▶ **Exercise prompt**:
An exact copy of every record, without the pictures, is what should come back.

▶ **Task material**:
= = = =

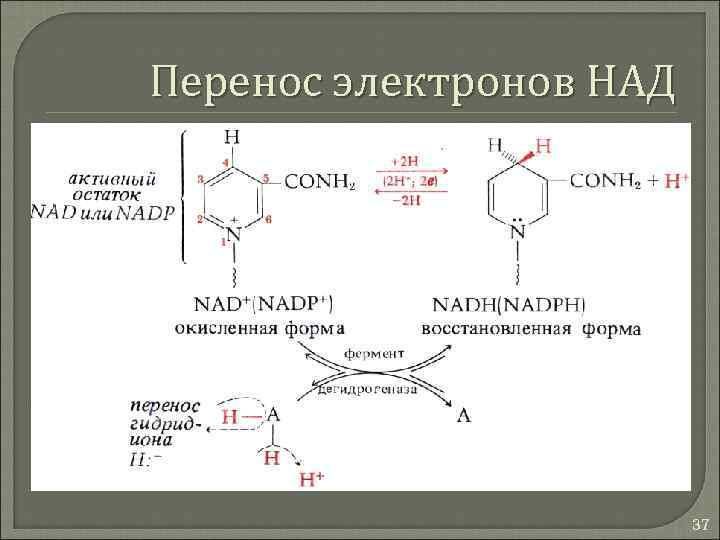 Перенос электрона. Перенос электронов. Над перенос электронов. Какой фермент участвует только в переносе электронов. Белок переносящий электроны.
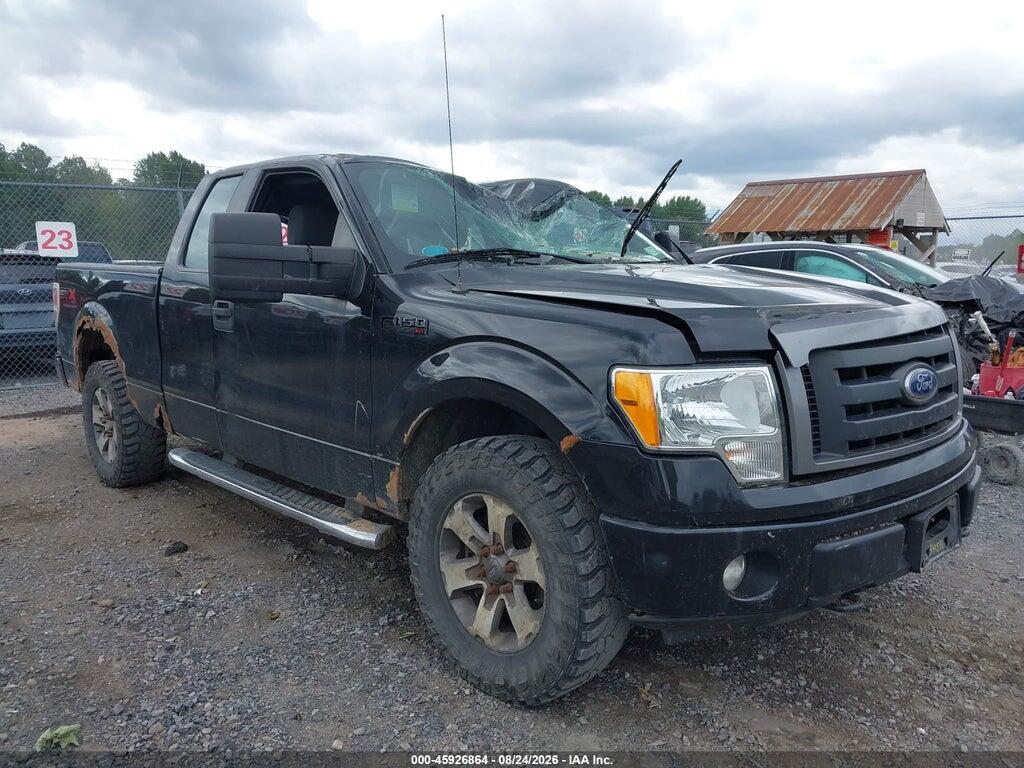 2013 FORD F-150 1FTFX1EFXDFD46665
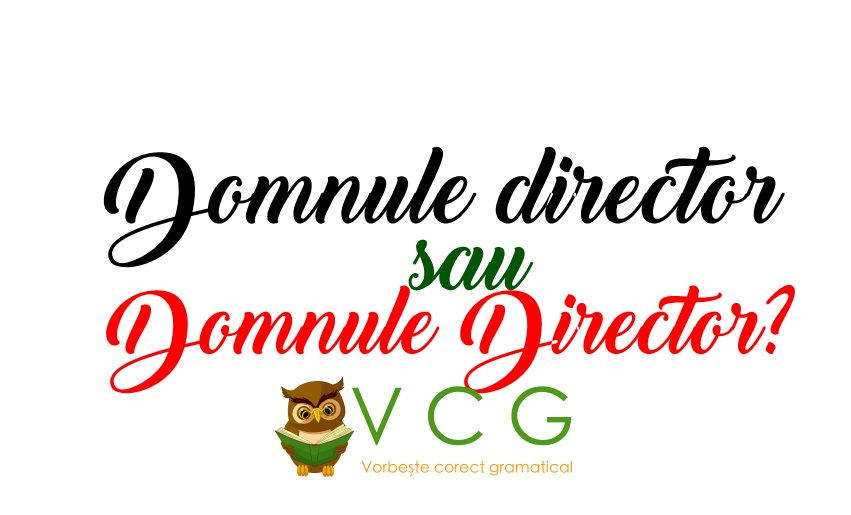 Astfel, nu trebuie spus în nici un caz: Domnule Director Sau Domnule Director VorbeÈte Corect Gramatical Vcg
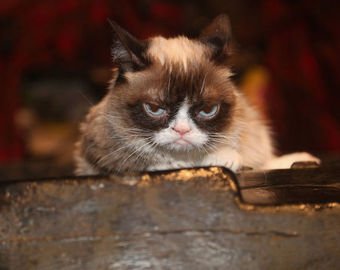 «Самая сердитая» в мире кошка умерла в США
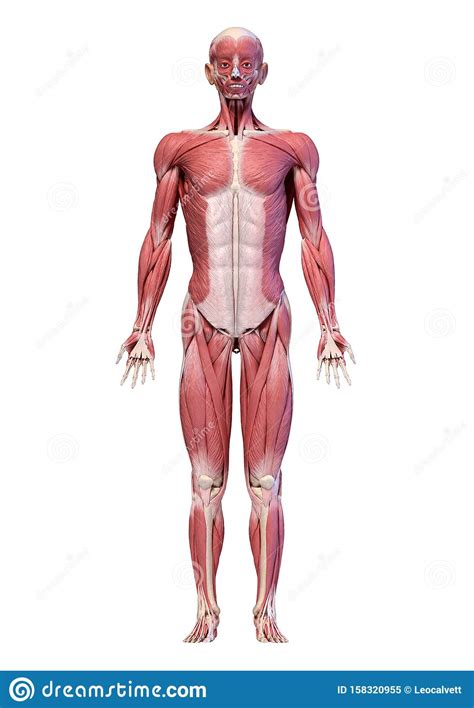Interactive human muscular system full body. Human Body, Full Figure Male Muscular System, Front View Stock Illustration - Illustration of ...
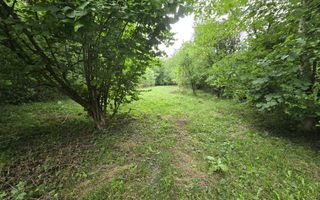 Teren intravilan de vânzare în Cornu de Sus – 1.363 mp fara inclinatie - Poză 4
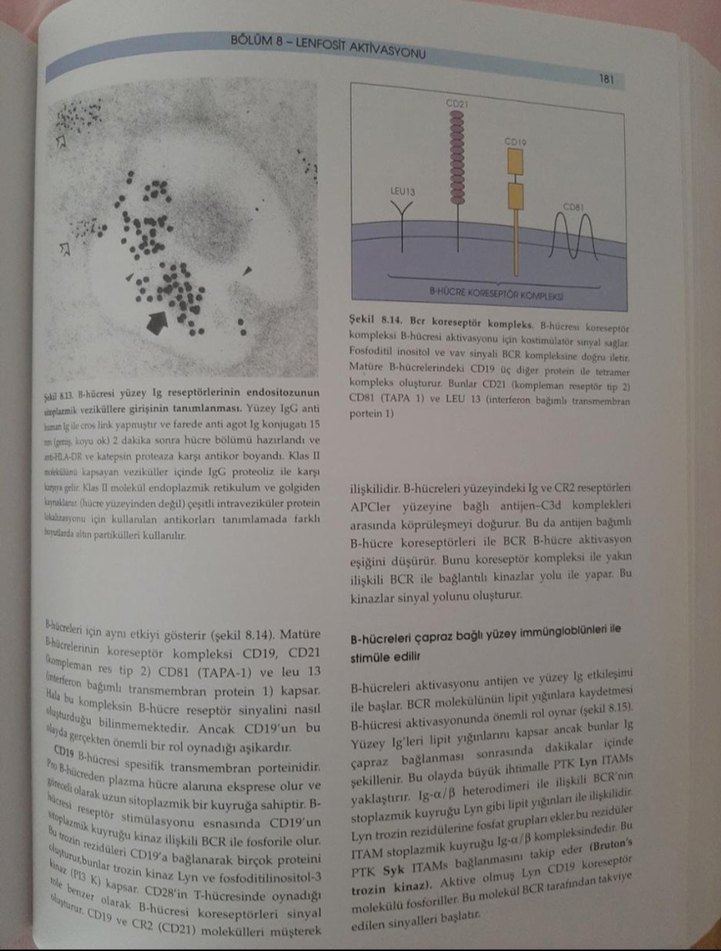 Roitt's Temel İmmünoloji 11. Baskı Sağlık Kitabı - Görsel 4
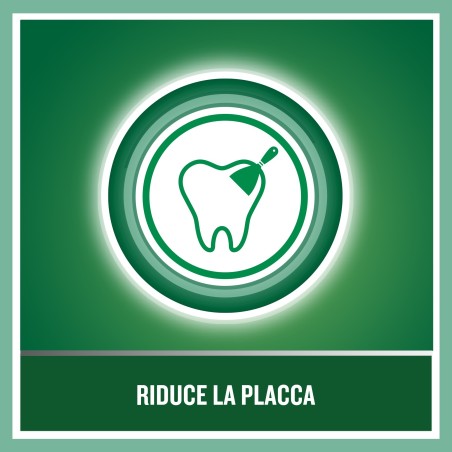 Johnson & Johnson Listerine Denti & Gengive Delicato 95 Ml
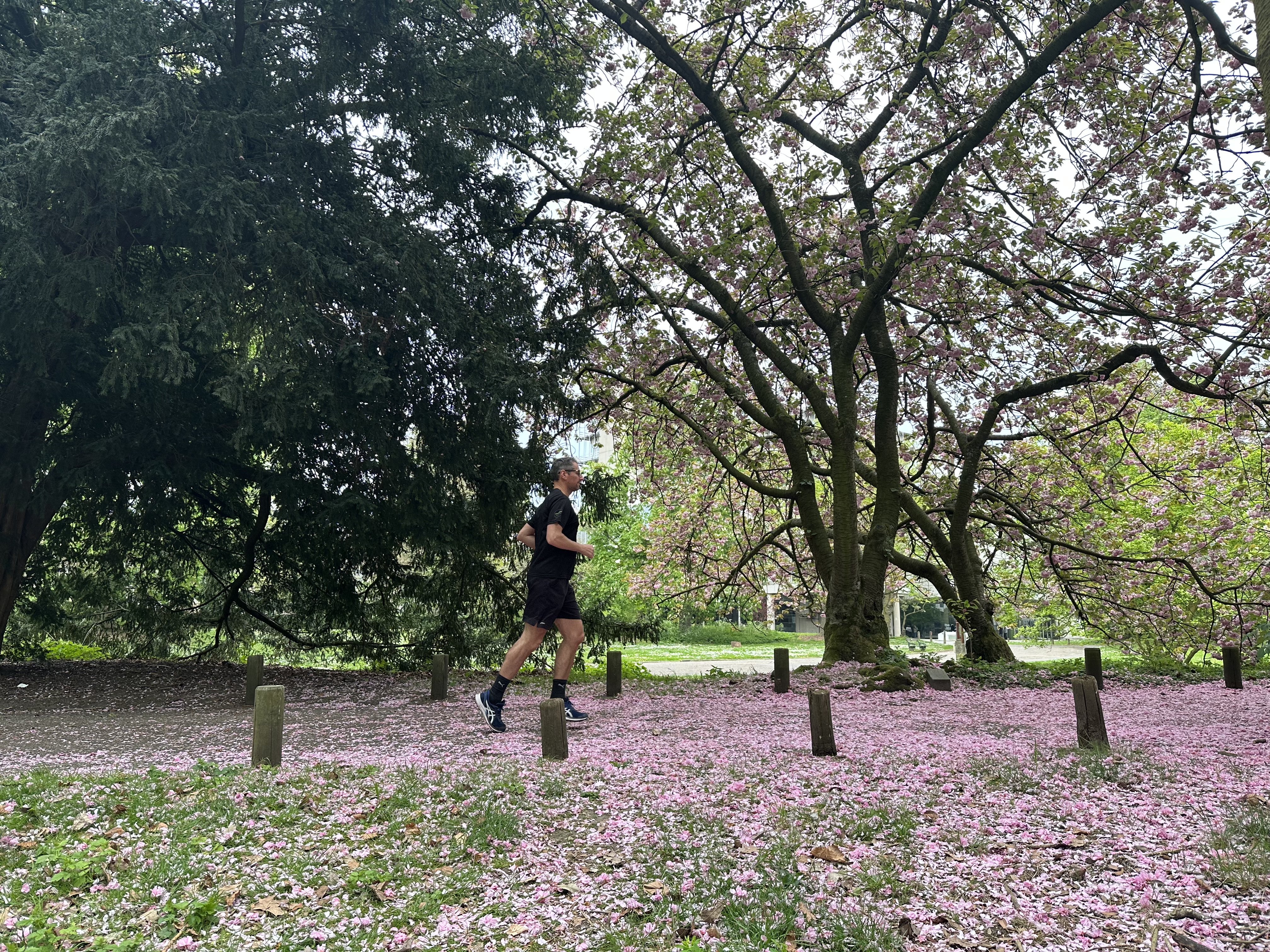 Arno loopt door gevallen bloesemblaadjes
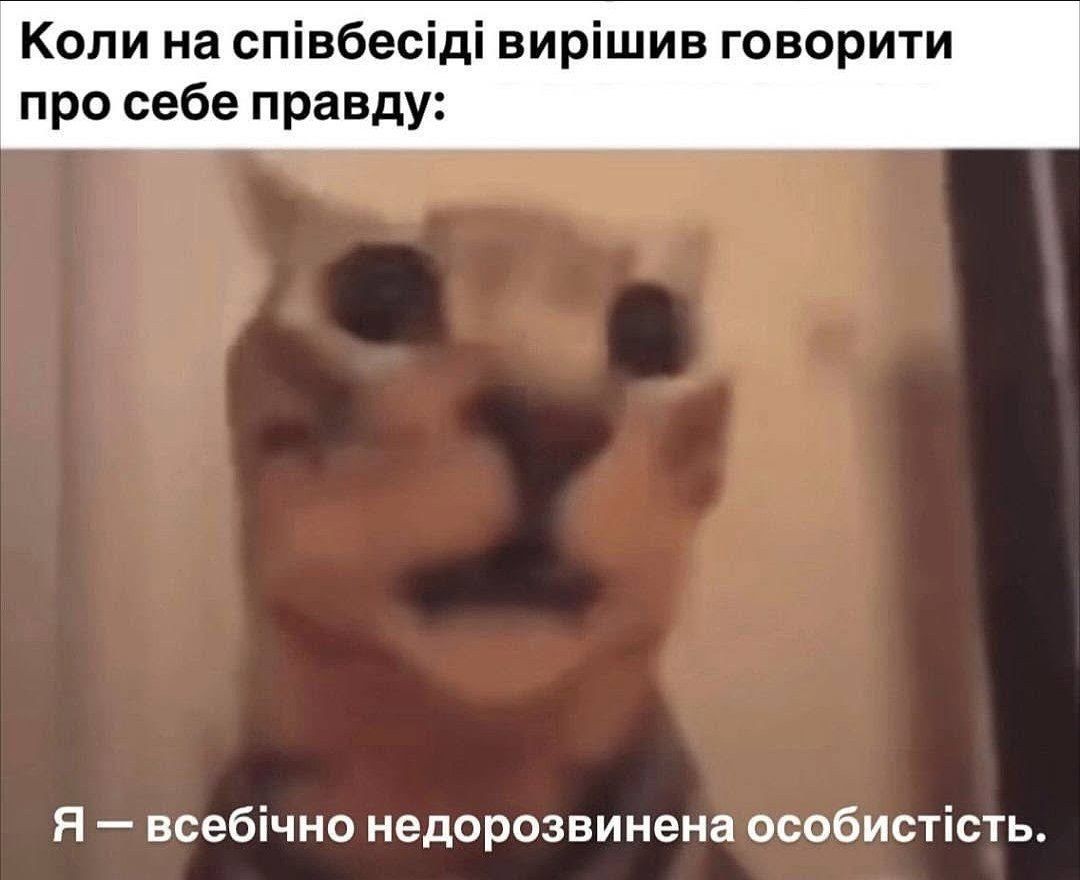Меми про пошук роботи, коли очікування і реальність — це дві паралелі - 726253 Меми про пошук роботи, коли очікування і реальність — це дві паралелі - фото 726253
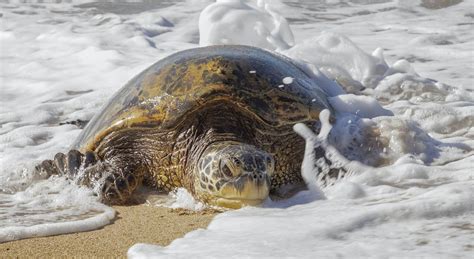 The Hawaiian Honu, Big Island Symbol of Wisdom and Good Luck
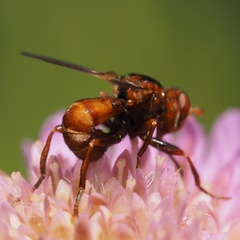 Sicus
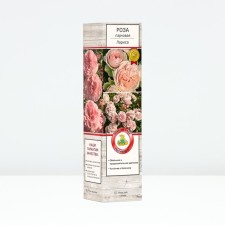 Seedling rose Park 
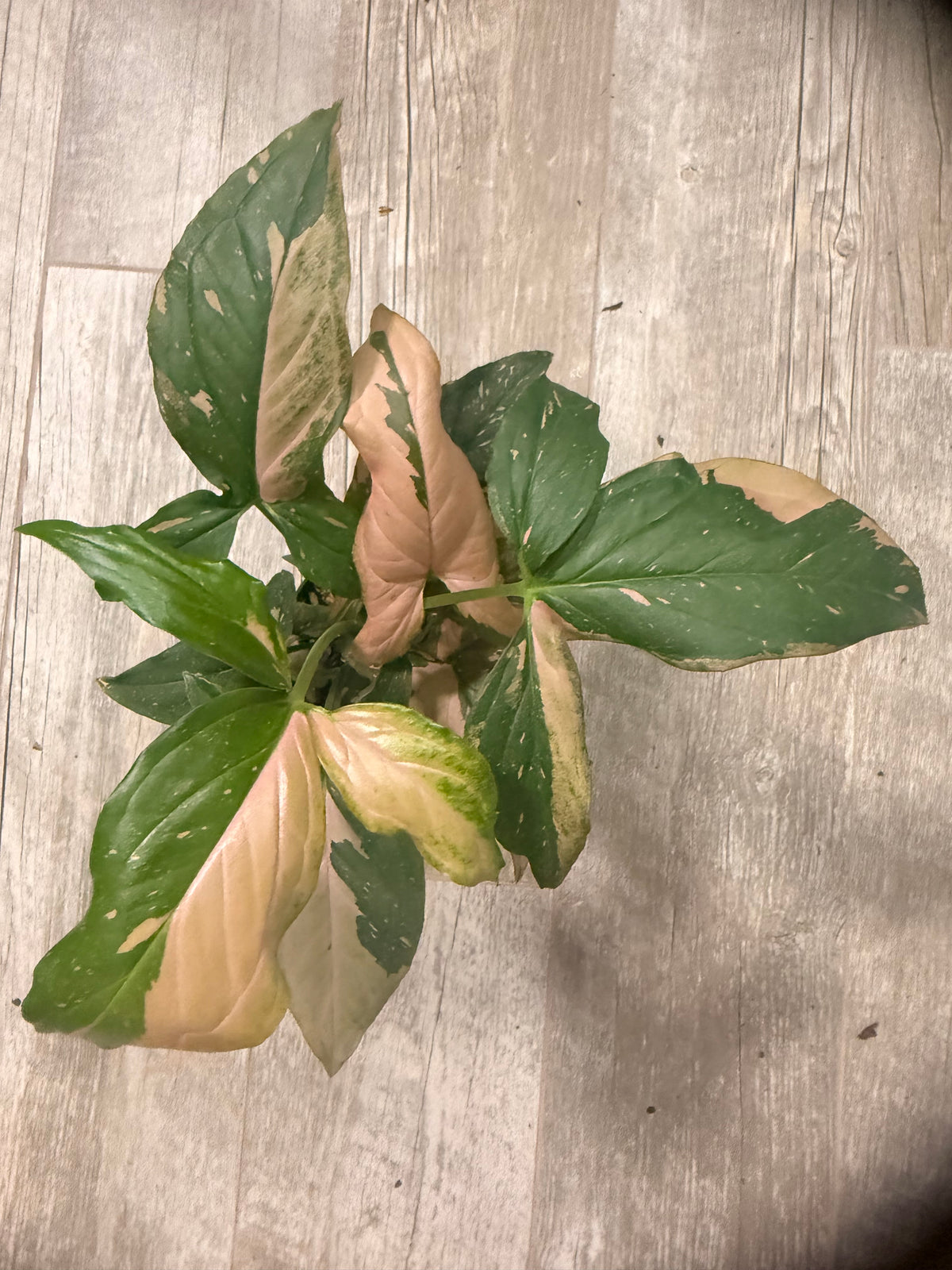 Pink Splash Syngonium - Syngonium podophyllum - Variegated Syngonium - Indoor Houseplant - Low Light Tolerant - Easy Care -Colorful Houseplants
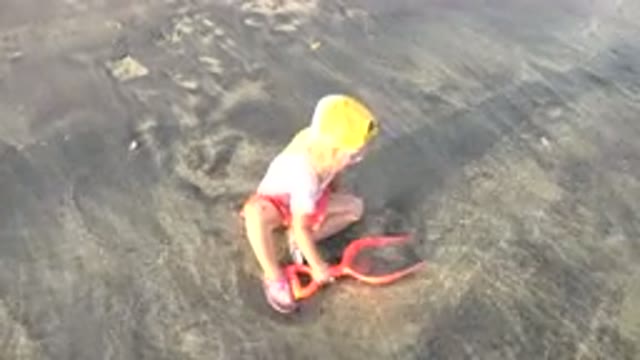 GRAND JUNCTION COLORADO-2017: Little Blonde Child Playing in Peach Pool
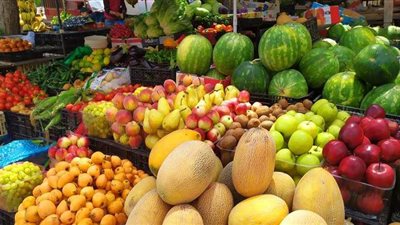 أسعار الطماطم اليوم في سوق الجملة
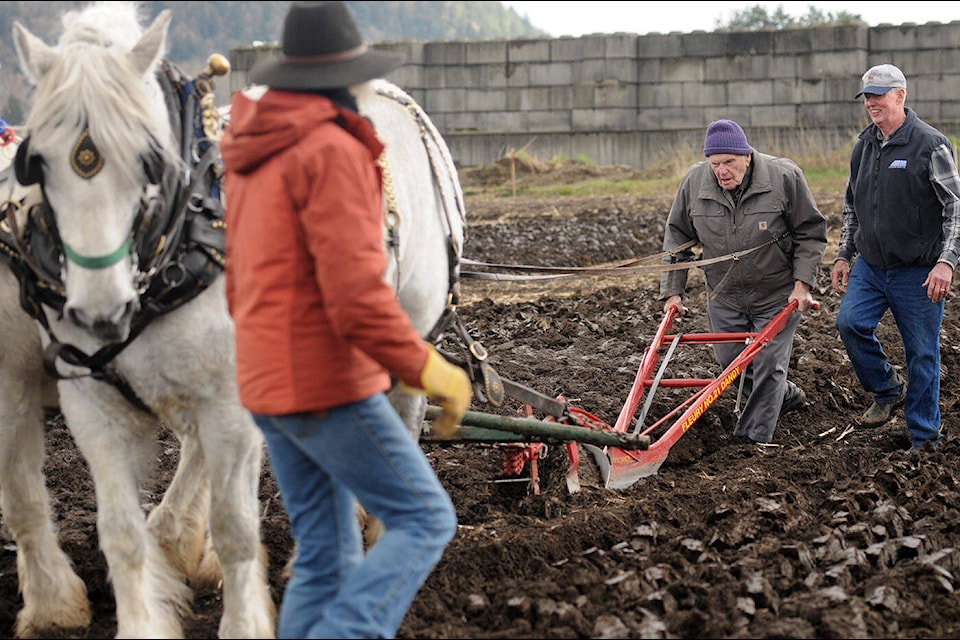 Dave Reid, 95, plows a portion of Denis Ryan’s plot during the 101st annual Chilliwack Plowing Match at Greendale Acres on Saturday, April 1, 2023. Reid, who uses a walker and hasn’t competed in plowing in years, had the chance to plow again thanks to the kind gesture by Ryan (right). (Jenna Hauck/ Chilliwack Progress)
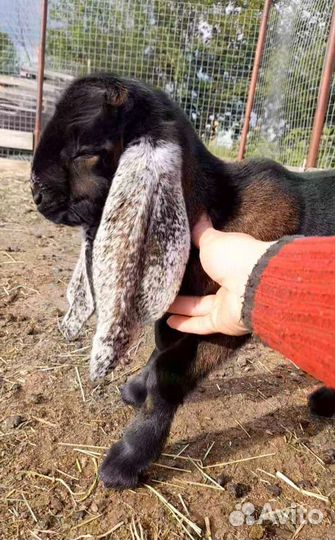 Коза и козёл нубийская/ камори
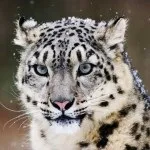 Найкрасивіша корова в світі виглядає, як плюшевий ведмідь (корова) Найкрасивіша корова в світі виглядає, як плюшевий ведмідь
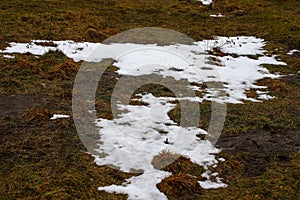 Close-up of melting snow in spring.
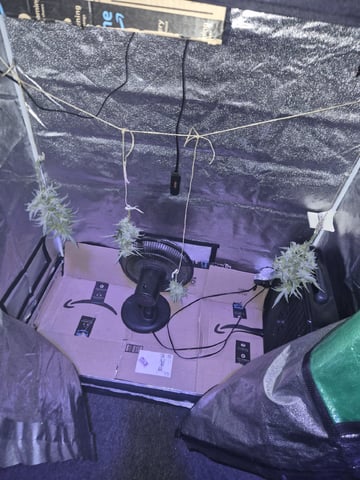 I'll get it right — harvest, day 101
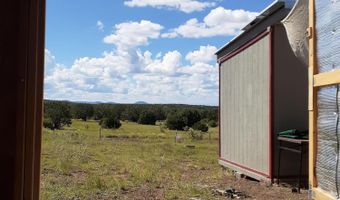 460 461 CR8301, Concho, AZ 85924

= = = =

▶ **Solution for this exercise**:
 Перенос электрона. Перенос электронов. Над перенос электронов. Какой фермент участвует только в переносе электронов. Белок переносящий электроны.
 2013 FORD F-150 1FTFX1EFXDFD46665
 Astfel, nu trebuie spus în nici un caz: Domnule Director Sau Domnule Director VorbeÈte Corect Gramatical Vcg
 «Самая сердитая» в мире кошка умерла в США
Interactive human muscular system full body. Human Body, Full Figure Male Muscular System, Front View Stock Illustration - Illustration of ...
 Teren intravilan de vânzare în Cornu de Sus – 1.363 mp fara inclinatie - Poză 4
 Roitt's Temel İmmünoloji 11. Baskı Sağlık Kitabı - Görsel 4
 Johnson & Johnson Listerine Denti & Gengive Delicato 95 Ml
 Arno loopt door gevallen bloesemblaadjes
Меми про пошук роботи, коли очікування і реальність — це дві паралелі - 726253 Меми про пошук роботи, коли очікування і реальність — це дві паралелі - фото 726253
 The Hawaiian Honu, Big Island Symbol of Wisdom and Good Luck
 Sicus
 Seedling rose Park 
 Pink Splash Syngonium - Syngonium podophyllum - Variegated Syngonium - Indoor Houseplant - Low Light Tolerant - Easy Care -Colorful Houseplants
 GRAND JUNCTION COLORADO-2017: Little Blonde Child Playing in Peach Pool
 أسعار الطماطم اليوم في سوق الجملة
 Dave Reid, 95, plows a portion of Denis Ryan’s plot during the 101st annual Chilliwack Plowing Match at Greendale Acres on Saturday, April 1, 2023. Reid, who uses a walker and hasn’t competed in plowing in years, had the chance to plow again thanks to the kind gesture by Ryan (right). (Jenna Hauck/ Chilliwack Progress)
 Коза и козёл нубийская/ камори
 Найкрасивіша корова в світі виглядає, як плюшевий ведмідь (корова) Найкрасивіша корова в світі виглядає, як плюшевий ведмідь
 Close-up of melting snow in spring.
 I'll get it right — harvest, day 101
 460 461 CR8301, Concho, AZ 85924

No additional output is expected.